No EXTRACT-specific change is needed: EXTRACT(field FROM source) is a RuntimeReplaceable that rewrites via DatePart.parseExtractField to the same GetDateField expressions, so once the GetDateField coercion is fixed, extract(year from nanos_ts) and date_part('year', nanos_ts) work transitively in both ANSI and non-ANSI modes. Time-of-day fields (HOUR/MINUTE/SECOND) were already handled by SPARK-57340.

This is a sub-task of SPARK-56822 (SPIP: Timestamps with nanosecond precision) and builds on SPARK-57323 (DATE <-> nanos casts).

Why are the changes needed?

In ANSI mode (the default since Spark 4.0) the date field functions fail analysis with DATATYPE_MISMATCH on nanosecond timestamps.
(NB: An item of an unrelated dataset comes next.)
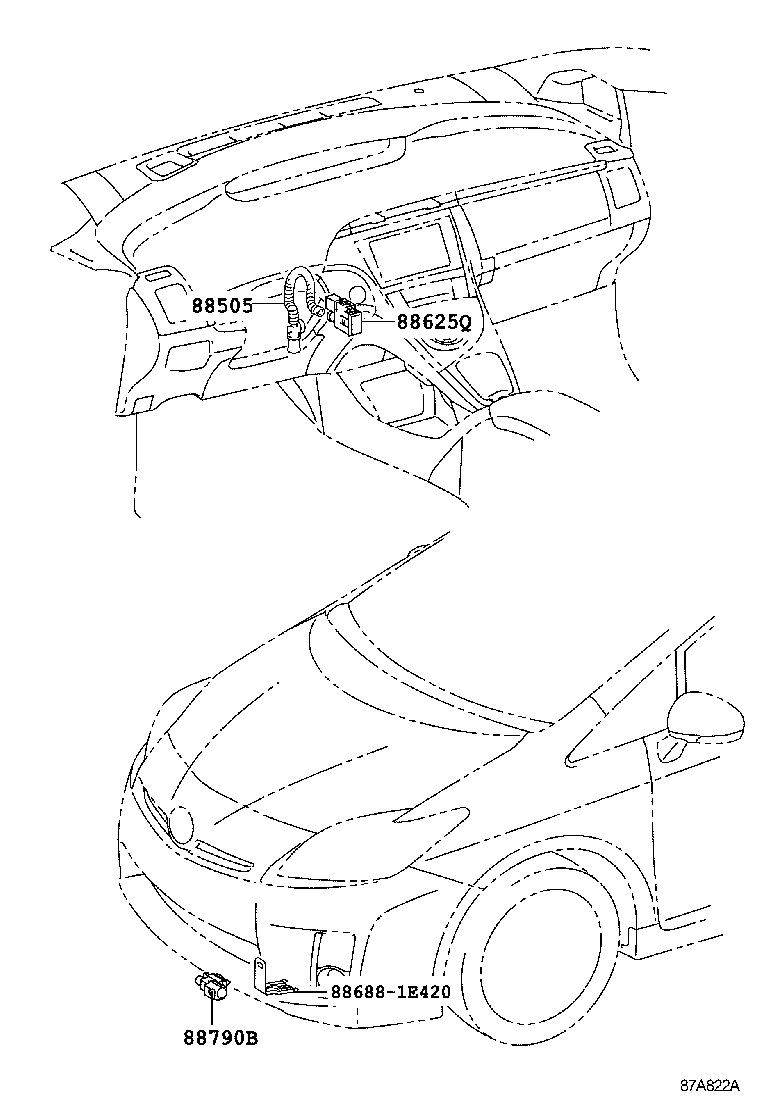  PRIUS |  HEATING AIR CONDITIONING CONTROL AIR DUCT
For example:

SET spark.sql.timestampNanosTypes.enabled=true;
SELECT year(TIMESTAMP_NTZ '2020-01-01 12:30:15.123456789'::timestamp_ntz(9));

fails, because the generic ANSI implicit-cast rule defers to Cast.canANSIStoreAssign (which returns false for nanos -> DATE by design) and the dedicated AnsiGetDateFieldOperationsTypeCoercion rule matched only the microsecond timestamp types. In non-ANSI mode the functions already work via the blanket (_: DatetimeType, _: DatetimeType) implicit-cast arm.

Does this PR introduce any user-facing change?

Yes. With spark.sql.timestampNanosTypes.enabled=true, date field functions and the EXTRACT / date_part date components now work on TIMESTAMP_NTZ(p) / TIMESTAMP_LTZ(p) in ANSI mode. Previously they failed analysis with DATATYPE_MISMATCH; they already worked in non-ANSI mode. The nanosecond timestamp types are a preview feature (disabled by default), so there is no change for released behavior.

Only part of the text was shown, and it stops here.